You can divide the Italian political opposition into two categories: Mr Berlusconi’s party and the others.
Mr Berlusconi stipulated with Prime Minister Renzi the so called “Nazareno Pact”, whose content is being kept partially secret, and his opposition to the Government is soft at best. Some commentators even speculate that the Nazareno Pact could actually be an instrument of surrender by which Mr Berlusconi renounced to any attempt at opposition in exchange for friendly policies towards his companies by the Government.
The hardline opposition is made of the Brothers of Italy, the Northern League, the Five Stars Movement and the Left, Ecology and Freedom party.
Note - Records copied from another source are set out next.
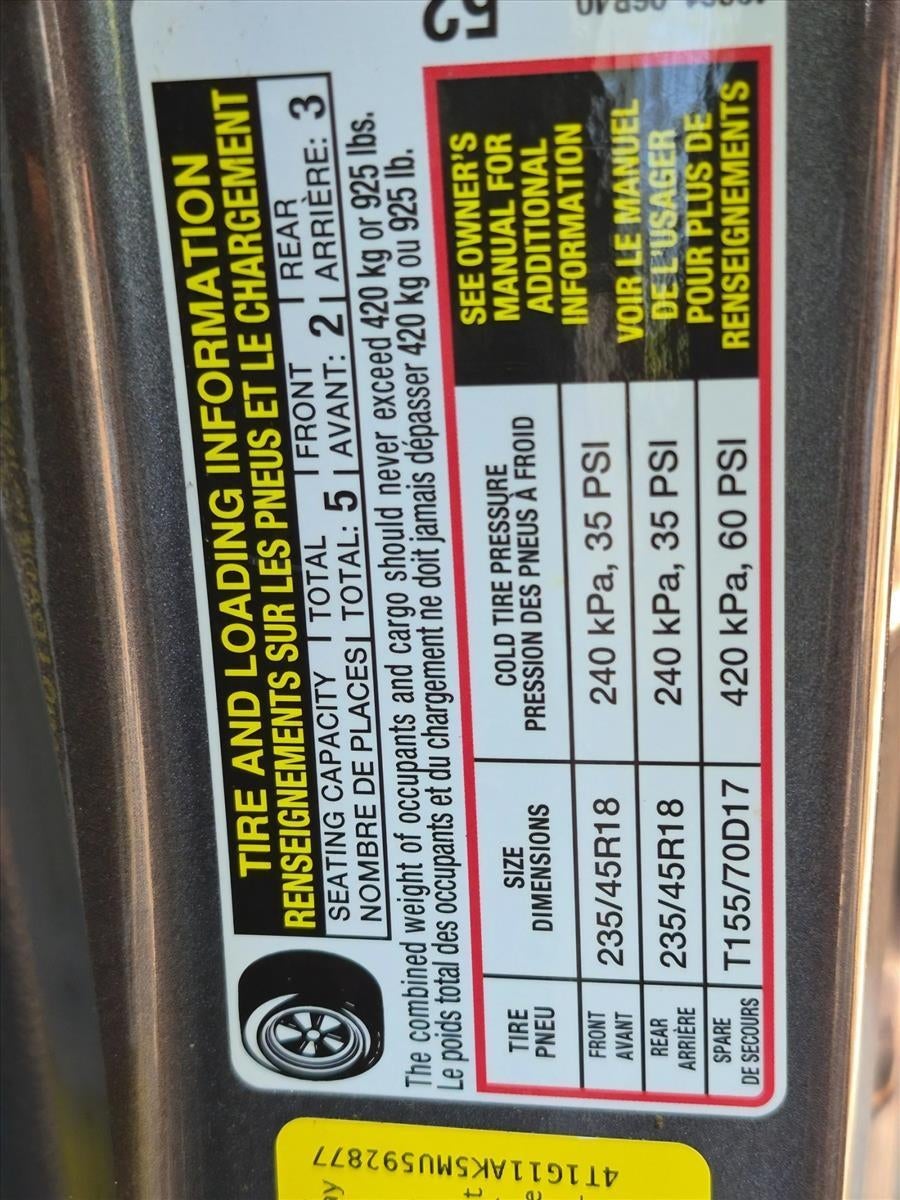 2021 Toyota Camry SE Auto (SE)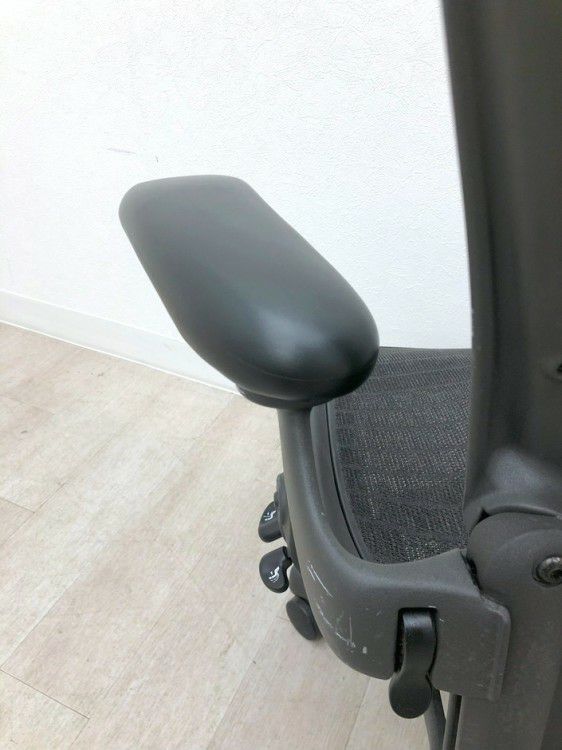HermanMiller（ハーマンミラー）アーロンチェア 可動肘付アーロンチェア 商品画像18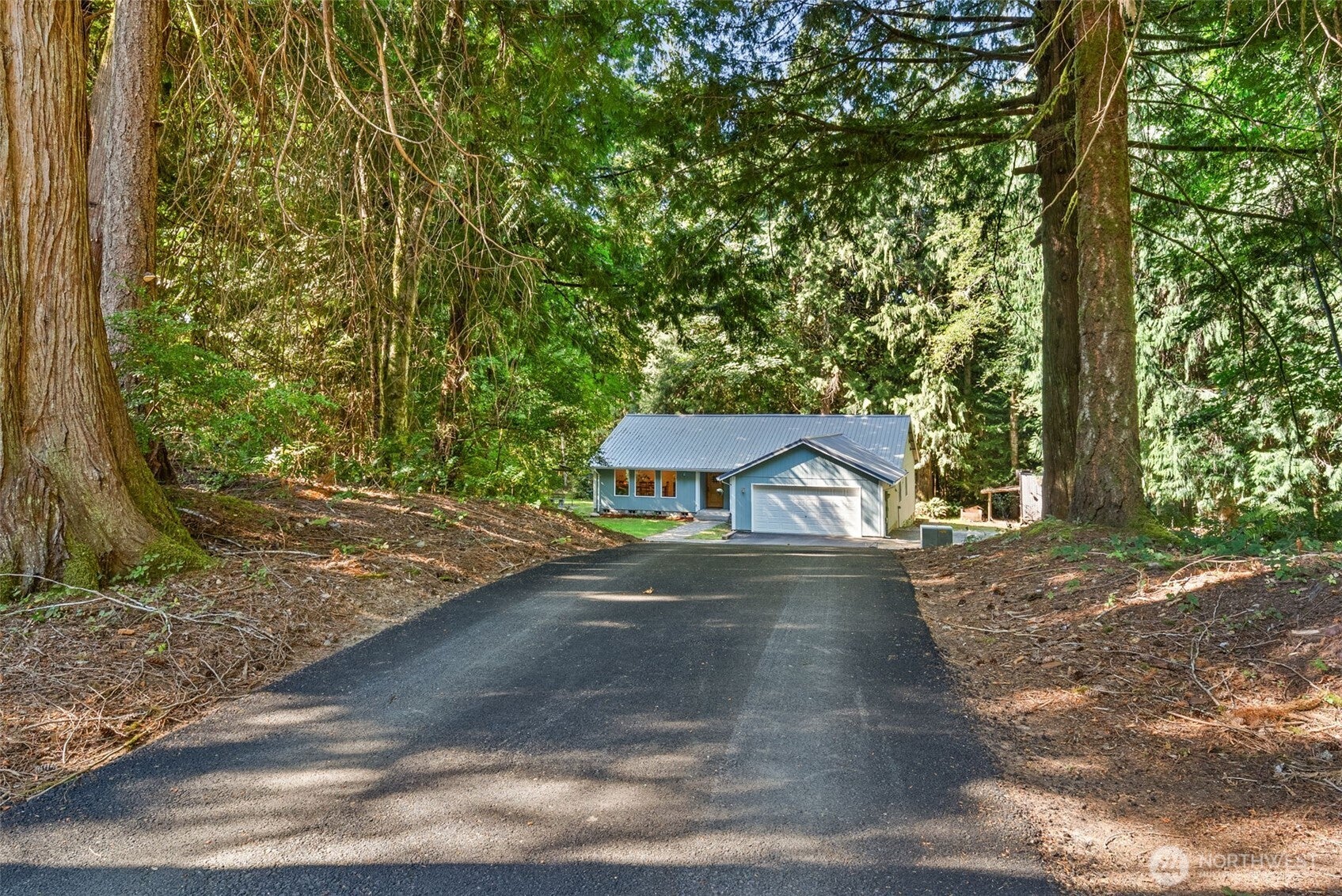 220 E Moore Lane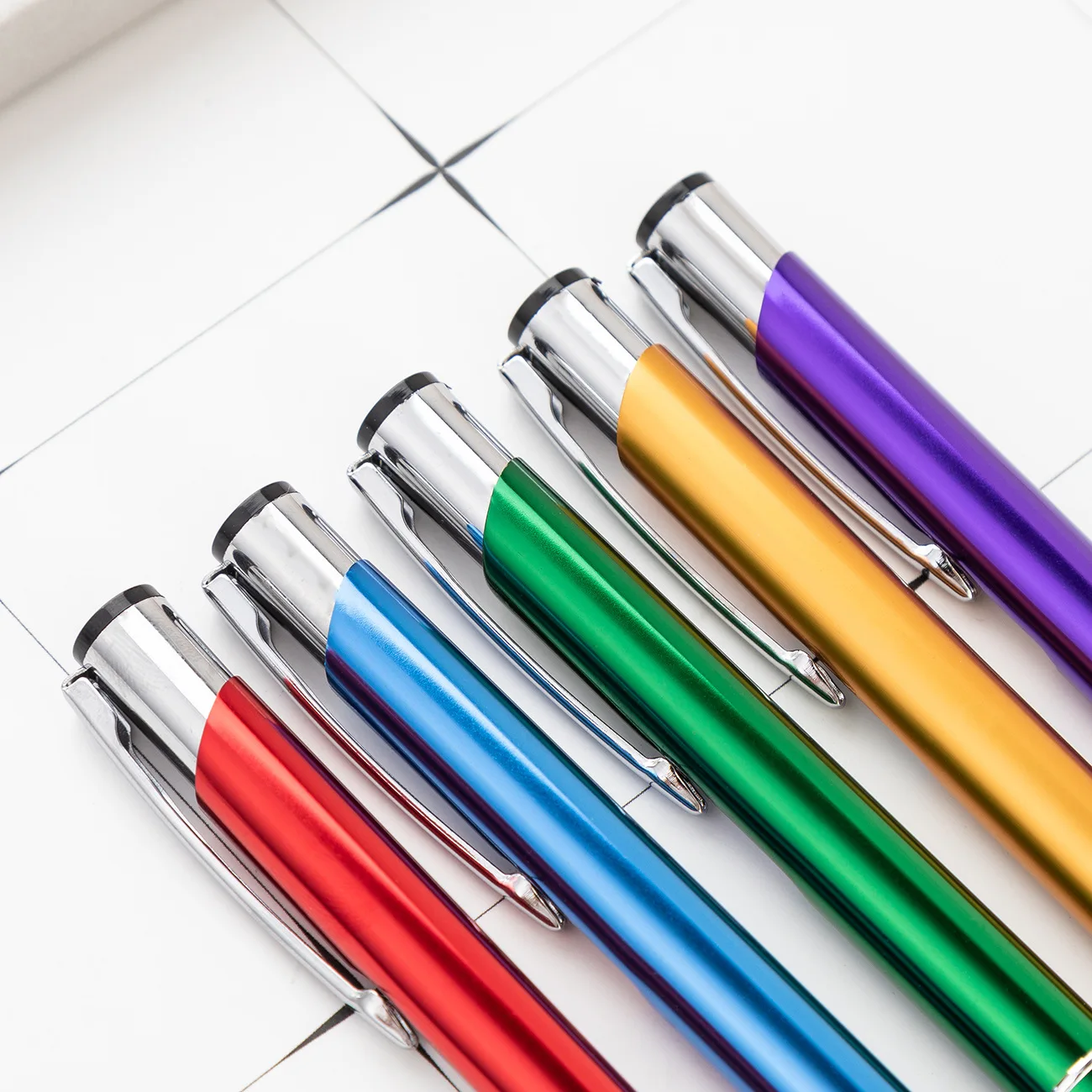 Promotional Aluminum Barrel Metallic Custom Logo Ball Point Pens Rubber Metal Touch Screen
Of these parties, only the Northern League and the Five Stars Movement have some numerical consistence, and they are visibly drifting towards the right end of the political spectrum.
The Northern League was born in the Nineties to represent the richest regions of Northern Italy. However, this didn’t allow it to get votes in the Center and the South; and without those votes, you will never win. Therefore the new secretary Matteo Salvini is turning the League in some sort of nationalist party attacking Brussels and immigration rather than Rome. Mr Salvini praised the French National Front, and has a good relationship with the traditional right of the Brothers of Italy. On Sunday, the Northern League staged a big protest against immigration in Milan, enlisting the help of the neo-fascist movement Casa Pound.
Mr Grillo’s Five Stars Movement claims to be “post-ideological”, neither rightist or leftist. However, in the European Parliament it is in the same grouping with the United Kingdom Independence Party and recently Mr Grillo used very harsh tones against immigration. Moreover, Mr Grillo is sometimes accused of neo-fascism for his aggressive tones, his populism and his habit of expelling from the Movement anyone who voices the slightest criticism against him.